Don't forget that as recently as April 24, Board of Education President Cindy Christopher told 500 people at the district's Recognition Night that Proposition P was on time and on budget.

As for the "strong possibility'' that the 49 cents would generate more revenue than needed, during the Aug. 15, 2000, meeting in which the Board of Education voted to place Proposition P on the ballot, one option suggested to board members was that surplus funds could be used to retire bonds early. Another option, suggested by Amelia Bond of A.G. Edwards, "was not levying the full 49 cents approved if it turned out to more than needed,'' the approved minutes from the Aug. 15, 2000, board meeting state.

What Mrs. Johnson has characterized as "communication misunderstandings amid the groups affiliated with Prop P stewardship,'' has been termed a failure to disclose by other Oversight Committee members, including Oversight Committee Chairman Chuck Van Gronigen.

Specifically, Mr.
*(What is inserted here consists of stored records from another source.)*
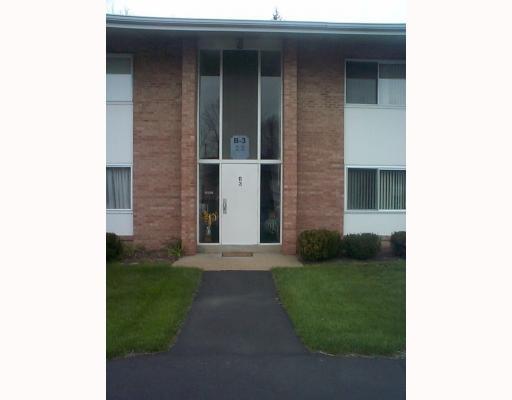 65 Darlington Road, Unit B32 Beaver Falls, PA 15010 - Photo 1 of 7 Exterior Front.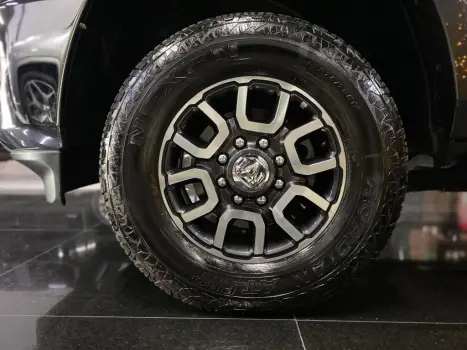 RAM 3500 6.7 I6 LIMITED LONG HORN CABINE DUPLA 4X4 TURBO DIESEL AUTOM�TICO, Foto 13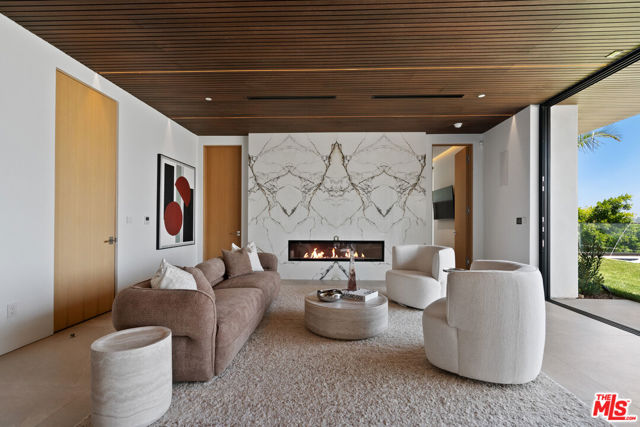 2180 Stradella Road, Los Angeles CA: https://media.crmls.org/mediaz/662e0772-9fd9-4ee0-a582-bda1c5b821a4.jpg
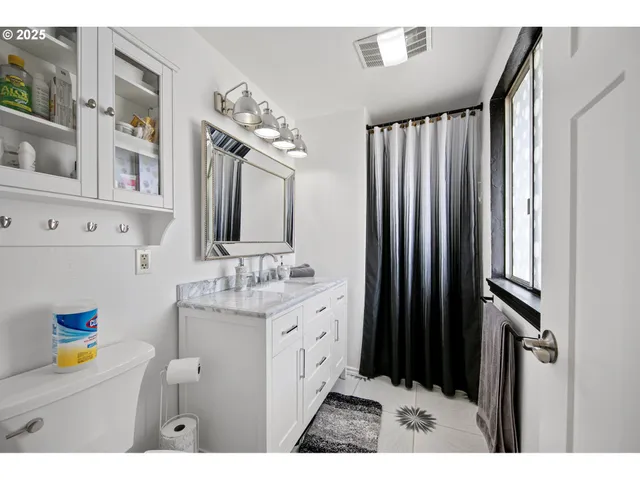 $328,000 | 144 Southwest Peppertree Court, Roseburg, OR 97471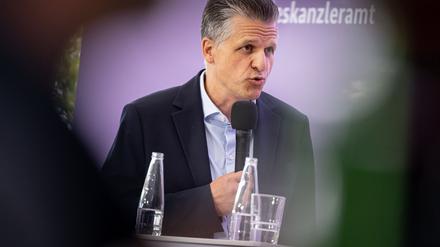 Kanzleramtschef verteidigt Erweiterung der Regierungszentrale.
Van Gronigen, a former Board of Education member who proposed the formation of the Oversight Committee, contended June 11 that administrators had not provided full disclosure to the panel of the total estimated cost of the districtwide building improvement program and related projects.

Lastly, while Mrs. Johnson notes that the 49-cent tax-rate increase was approved to "implement the building improvement plan recommended by the CACF,'' the committee's plan never included the advance refunding of $6 million worth of leasehold revenue bonds that the district had issued as part of a long-term energy savings project.

Because the leasehold revenue bonds for the energy savings were not "callable'' until 2008, an escrow fund of more than $6 million was established with the certificate proceeds to make the principal and interest payments on those bonds, resulting in a savings of $126,000. When those bonds can be retired in 2008, the escrow money will make the final payment. Was that the will of the people who voted for Prop P?

Including the more than $6 million for the advance refunding of leasehold revenue bonds, the current estimated cost of Proposition P totals $92,813,408. We believe the final bill will be even greater than that.